Letting the people decide
A referendum on the final package may be in the future

Glen Korstrom
Northern News Services

INUVIK (Apr 23/99) - When self-government negotiators wrap up a week of meetings this week in Yellowknife, they may reach an agreement on whether area residents will be able to vote on the final package in a referendum.

"We're working on the ratification chapter," says GNWT negotiator Fred Talen.

"The GNWT has expressed an interest and desire that since the result will be a public institution that all residents have a say in whether to accept it or not."

If negotiators reach an agreement, Talen says how people would have a say would be explained during a tour this summer by self-government negotiators.

Foremost for Inuvialuit negotiator Vince Teddy is that the inherent right to self-government be put into practise.

"What we're negotiating really is the inherent right within the public system of government where there's no division of anyone at the community or regional level within the Beaufort Delta," says Teddy.

"The only ones that are concerned really want the present system. They don't want to change. They don't want to accept the affirmation of the inherent right within any type of system of government."

Though the words "inherent right to self-government" are not written specifically in the Constitution of Canada, as a way of avoiding the courts, the federal government has accepted that section 35 of the Constitution recognizes the principle.

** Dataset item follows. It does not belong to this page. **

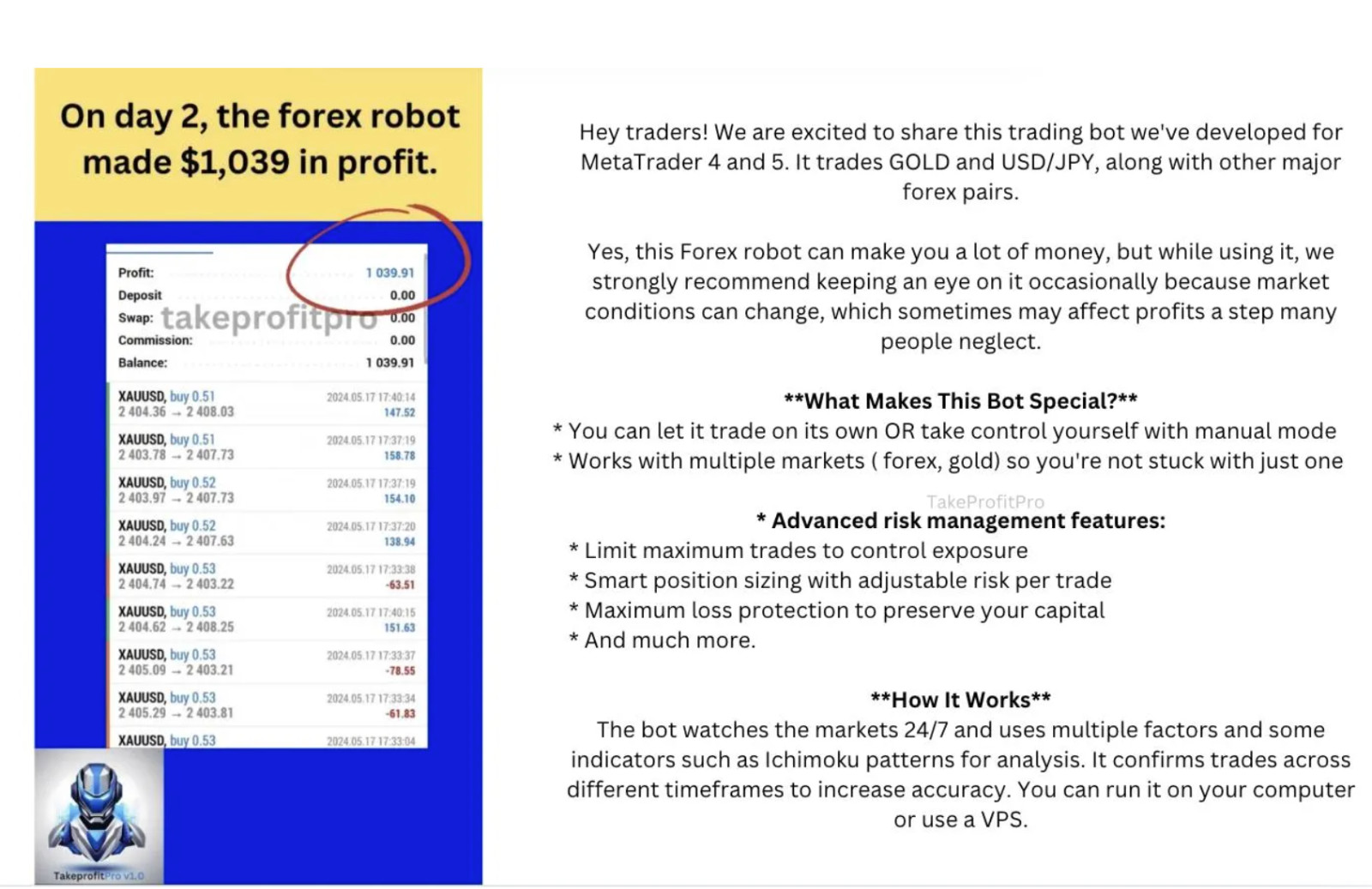 TakeProfitPro EA – Forex Auto Trading Robot – MT5 – Gold / BTCUSD 2026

And to Teddy, one way to use the inherent right is to lend it to what negotiators call the united model of community government.

This model would have a chief councillor and at-large members elected by all voters as well as a set number of Inuvialuit and Gwich'in councillors who are elected solely by aboriginals.

This model has come under attack in the past by some residents, including Mayor George Roach. Roach said if his wife were Gwich'in, it would be unfair for her to be able to vote for candidates that he is unable to.

Though in past months Roach has described such a model as "racist," this week he had only positive things to say about working together.

"The town is very interested in working closely with the negotiators to make something work that will benefit everyone in the community," he says.

Roach has previously said his job as mayor is to represent everyone in the community, but Beaufort Delta chief negotiator Bob Simpson counters, "He doesn't represent the inherent right."

On top of guaranteed seats in the proposed public government, Inuvialuit and Gwich'in will also maintain their own institutions such as the Inuvialuit Regional Corporation or the Gwich'in Tribal Council.

Both groups would also get a representative on the proposed 11-member regional council: one member from each of the eight Beaufort Delta communities, one Gwich'in member, one Inuvialuit member and one chair elected by all voters in the region, according to Simpson.